Under pressure from legal advocacy groups and facing a divided city council, Mayor Ed Murray has finally offered something meaningful to the fight at city hall over how to address people sleeping outside.
In recent weeks, advocates for homeless people have called on the city to improve the way it clears homeless encampments and to allow unsheltered people to live on some limited public lands in the city. Council members have split on how far to go with that idea—or whether to do it at all.
Murray, meanwhile, has been on his own path. He convened a task force to work on the same issue at the same time as the city council. (That task force achieved basically nothing.) Murray's administration then issued a missive about all the problems with the council proposal. Then, he promised to veto any legislation allowing camping on parks property. Throughout the debate, nearly everyone has admitted the city's current city encampment policies are a failure, yet Murray has offered little in the way of an alternative.
Last night, he made a pitch.
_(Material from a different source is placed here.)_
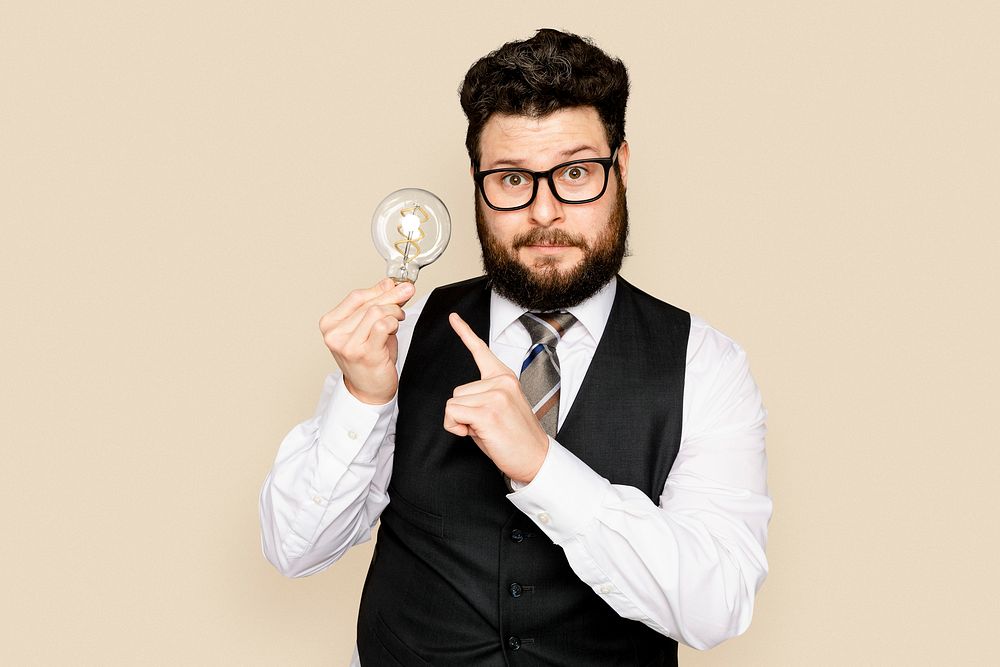 Bearded businessman holding a light bulb for innovation campaign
Instead of allowing more unsupervised camping on public land, Murray promised to open more city-supervised tent encampments.
In a last-minute press conference, Murray unveiled plans to open four new city-sanctioned tent encampments, promising at least one of them would be low-barrier, meaning residents could be active drug users. Nonprofit organizations would operate the camps in the same way they do at three others today. Murray acknowledged that it would likely face neighborhood backlash, but promised to move forward anyway.
The mayor also promised to increase garbage pickup near encampments. Beginning next month, the city will offer "needle pickup" within 24 hours of needles being reported, he said, and will install 10 sharps containers throughout the city. (Ten containers for the whole city seems obviously insufficient, but it's a start.)
Murray said the city will increase outreach to connect people living on the streets with shelter and services, and some community center and pool showers will soon be open to homeless people. He also reiterated plans to open a 24-hour homeless shelter by January.
Throughout all this, Murray doubled down on opposing any camping in city parks. A proposal from Council Member Mike O'Brien would allow camping on some wooded parks land, but not play fields or pathways. Murray vowed the city would continue removing homeless people sleeping in city parks or on sidewalks—a win for the neighborhood activists who have revolted against O'Brien's idea. "We can't have people in our parks," Murray said. "We can't have people on our sidewalks."
If the city-run shelters and encampments are full, however, some non-parks camping may be tolerated.
"We will not displace people from unauthorized encampments unless we can provide them with a reasonable alternative," he said.
Murray has yet to release a formal plan for any of this. He promised to send the city council a resolution next week outlining these steps. Murray said he would use $1.2 million from next year's budget for the four new authorized encampments. He will direct another $1 million to the city's Human Services Department to try to find nonprofits, private companies, churches, and philanthropic organizations to provide more shelter and storage space.
So, what does this all mean?
Overall, these are steps advocates for homeless people have endorsed in the past and are likely to support. But there will still be people who refuse to go to city-supervised encampments or shelter and the city must reckon with that.
The mayor's announcement is both a win and a loss for groups like the American Civil Liberties Union of Washington and Columbia Legal Services, which support O'Brien's bill. The high-profile discussion clearly forced the mayor's hand, but his announcement did not address all of advocates' concerns.
O'Brien, who was not at the mayor's press conference, is also unlikely to be satisfied. He has repeatedly insisted that there must be some public land where people who choose not to go into city-supervised shelters and encampments can live without being chased out by authorities. That need remains unaddressed. I've reached out to O'Brien for comment and will update this post if I hear from him.
At 9:30 am today, the council had planned to discuss two competing versions of encampment legislation. Now, they will also hear from the mayor's office and put off voting on anything. Because of the council's budget process, that could mean punting any decision until December. By then, Bagshaw said, Murray's plan may have addressed the issues she was trying to deal with in the legislation. If a majority of council members line up behind the mayor, the O'Brien/ACLU/CLS proposal could be dead.